▸ **TASK BRIEF**
Would you return the lines that run from the start of the data below to the line with "a large wooden", both included, exactly as written and without pictures?

Segment Start: TASK DATA

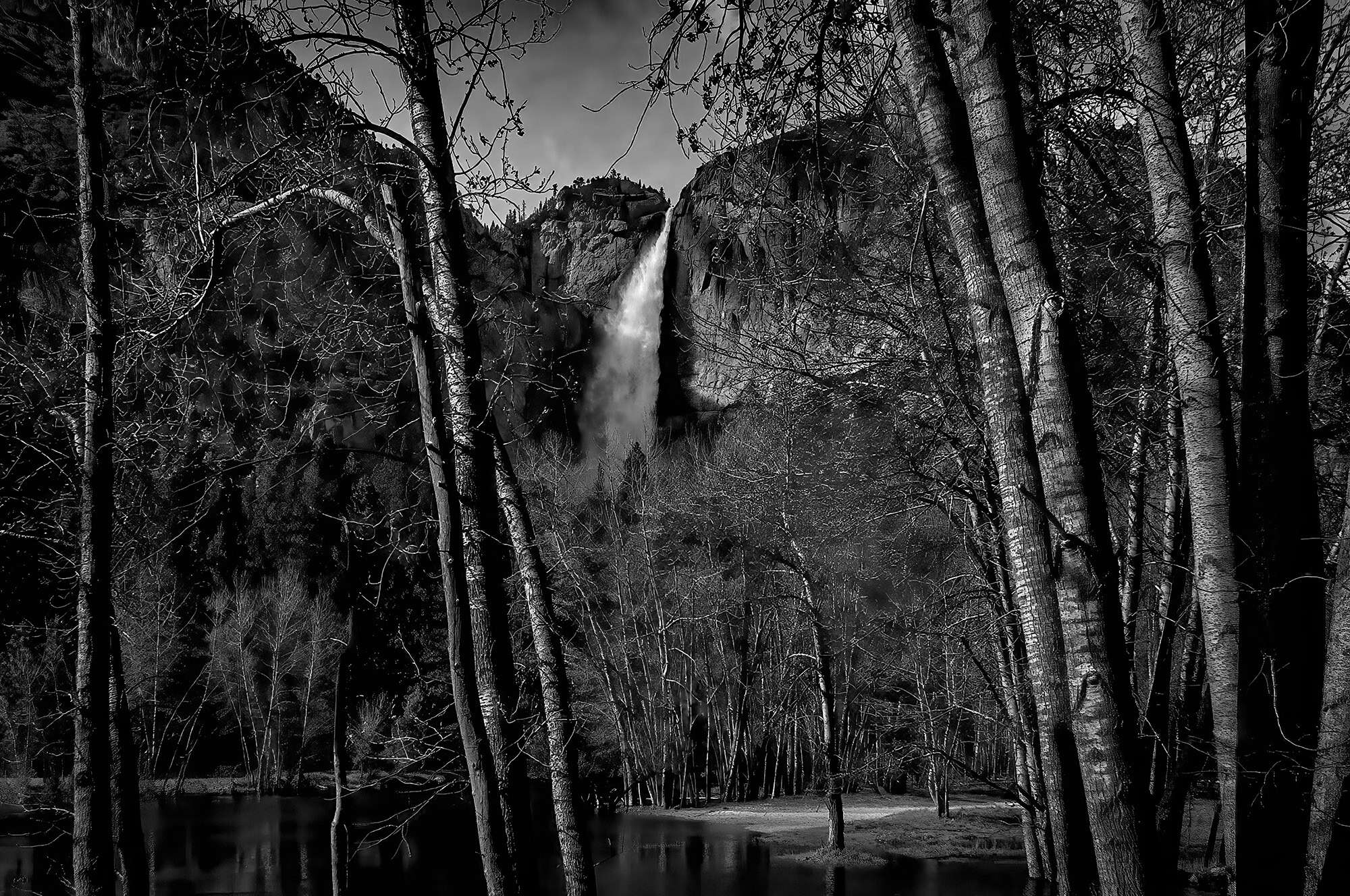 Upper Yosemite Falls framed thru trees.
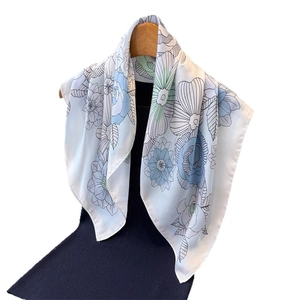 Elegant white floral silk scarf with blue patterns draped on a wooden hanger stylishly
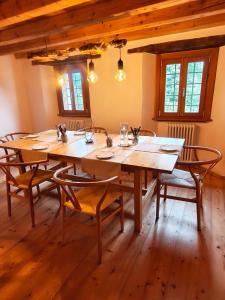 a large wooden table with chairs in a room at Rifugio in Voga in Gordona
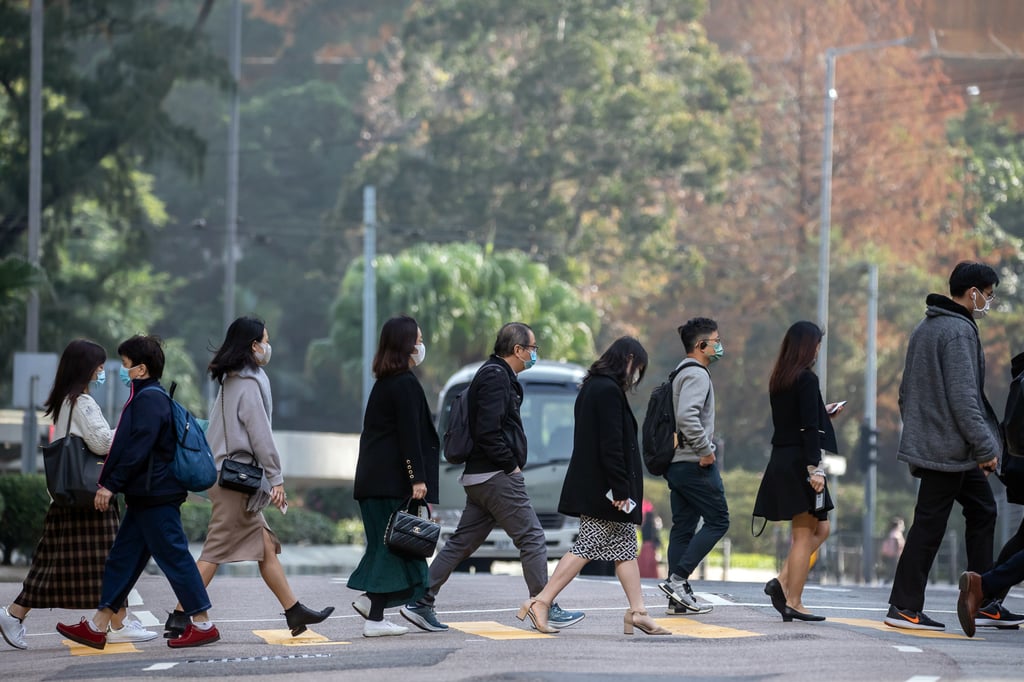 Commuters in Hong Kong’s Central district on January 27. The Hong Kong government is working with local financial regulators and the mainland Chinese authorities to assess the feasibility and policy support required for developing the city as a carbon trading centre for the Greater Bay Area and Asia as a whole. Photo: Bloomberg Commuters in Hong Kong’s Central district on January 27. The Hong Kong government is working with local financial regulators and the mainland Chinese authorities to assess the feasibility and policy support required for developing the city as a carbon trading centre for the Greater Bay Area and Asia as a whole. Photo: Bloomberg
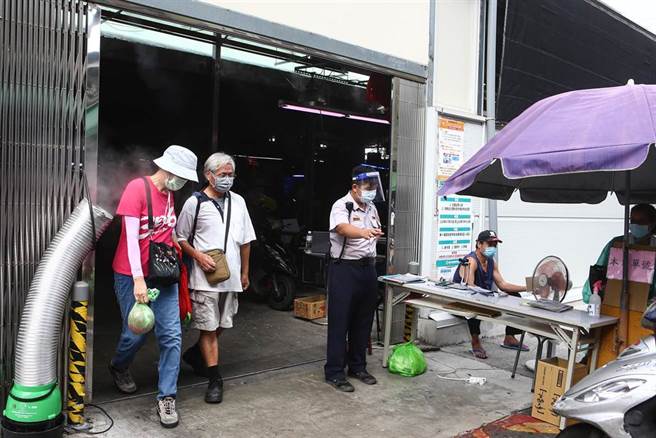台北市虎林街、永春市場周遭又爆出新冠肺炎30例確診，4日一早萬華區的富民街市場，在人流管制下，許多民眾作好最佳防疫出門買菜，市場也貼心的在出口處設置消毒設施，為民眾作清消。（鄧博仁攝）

Segment End: TASK DATA

▸ **ANSWER BELOW**
 Upper Yosemite Falls framed thru trees.
 Elegant white floral silk scarf with blue patterns draped on a wooden hanger stylishly
 a large wooden table with chairs in a room at Rifugio in Voga in Gordona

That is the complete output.